Before watching the movie:
I feel like this is the peak of Arnold Schwarzenegger’s bankability. He went from a bodybuilder of little note outside the body building circuit to a breakout action star overnight, and now a few years later, he’s in a family-ish comedy about how he’s out of his element and toddlers are too much for him to handle.
I’m expecting a fun, snap-together vehicle comedy. Nothing that breaks ground, but fun worth coming back to. It seems to have stood out among his comedies as one people love.
After watching the movie:
LA police detective John Kimble finally arrests his white whale drug lord Cullen Crisp, who just killed a man who gave him information on the location of Crisp’s wife and son, who left him after stealing millions of Crisp’s drug money. Kimble gets assigned to go undercover to Cullen Jr’s school in Astoria, Oregon in order to try to find Crisp’s ex-wife and convince her to testify. Kimble is partnered with Det. Phoebe O’Hara, a former teacher who will be posing as a substitute kindergarten teacher for this assignment. Unfortunately, O’Hara suddenly gets sick on the way to Astoria, and can’t recover in time to teach, so Kimble goes to the school in her place. It’s just some little kids, nothing a hardened undercover cop can’t handle, after all.
This goes a lot darker than I expected. I thought this was going to be all slapstick “kindergarteners are monsters”, with a progression of Kimble slowly learning how to be a teacher, but the first 15 minutes are a PG-13 Dirty Harry movie, and that element of drama never really goes away, because unlike a lot of farces where the plot is an excuse to set up the comedy, this story never forgets that there’s an investigation under way involving a murderous drug dealer. Even so, it never really reaches the “tough as nails cop torn out of his element” kind of tone that such a setup seems to lean toward. It’s just two very different movies that manage to share the same space.
Like pretty much everyone in the movie, I’m surprised how well Kimble’s regimented police training approach to marshalling kindergarteners works. It seems like the most impact it would have on kids that young would be traumatizing them, but once he has their attention, he can get them to do almost anything as a group. It’s as much a part of his success as his experience as a father that is only talked about because his ex-wife left years ago and doesn’t want him involved in their son’s life.
I was expecting beginning to end madness like Jingle All The Way, or at least some more clear separation between Kimble’s world and the kindergarten classroom a bit like how Last Action Hero spoofs action movies and draws a distinction between them and the “real world”. Instead, I saw a movie that can stand on its own without a big name, with meaning and tension as well as a romance subplot that doesn’t feel tacked on. All I knew of the movie was the poster (and “it’s not a tumah”), but the poster is selling the wrong film.
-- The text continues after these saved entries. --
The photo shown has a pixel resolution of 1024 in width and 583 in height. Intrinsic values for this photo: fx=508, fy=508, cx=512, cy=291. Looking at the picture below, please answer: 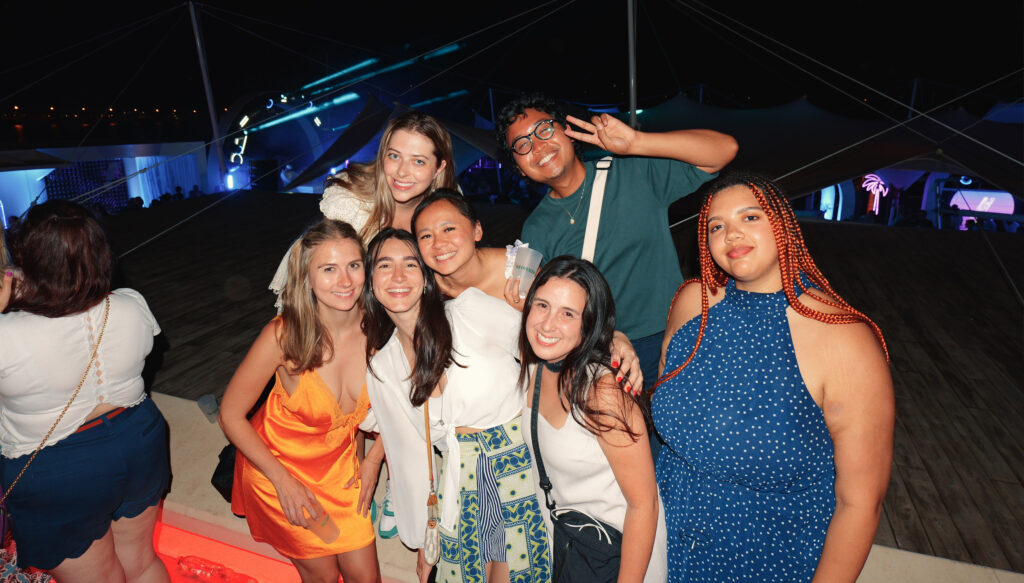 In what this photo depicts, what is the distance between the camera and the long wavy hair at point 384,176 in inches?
86.2

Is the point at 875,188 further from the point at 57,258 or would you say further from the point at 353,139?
the point at 57,258

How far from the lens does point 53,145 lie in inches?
564

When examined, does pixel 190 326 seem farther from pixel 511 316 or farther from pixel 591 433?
pixel 591 433

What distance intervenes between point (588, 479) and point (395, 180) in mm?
1438

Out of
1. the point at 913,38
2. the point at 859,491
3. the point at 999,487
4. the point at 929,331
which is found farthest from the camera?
the point at 913,38

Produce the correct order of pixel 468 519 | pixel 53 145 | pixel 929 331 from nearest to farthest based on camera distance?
pixel 468 519 < pixel 929 331 < pixel 53 145

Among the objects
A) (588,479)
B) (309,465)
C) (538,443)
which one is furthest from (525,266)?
(309,465)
I think this is actually one of Schwarzenegger’s best films. I know it sounds stupid but something tugs at my heart strings during the Gettysburg address scene. A moment that gives the popular 80s and 90s genre of “bad ass cops doing bad ass things” a more heartfelt and fresh stance. Here we have Kimble as a loner, emotionless jaded cop that lives and breathes the badge. Nothing else matters and he’s forced into a situation he can’t handle. It culminates to this Gettysburg presentation scene. His class of children love him and he’s proven to be an amazing teacher. Even the school admins and community love him. This is a moment where our hero has changed and discovers something better. Which to me, indicates the Kimble character eventually quits the force to pursue a life of education.
You didn’t ever get those kinds of emotions and depictions in “cop movies” and maybe a good reason why Kindergarten Cop remains a classic. I love the movie.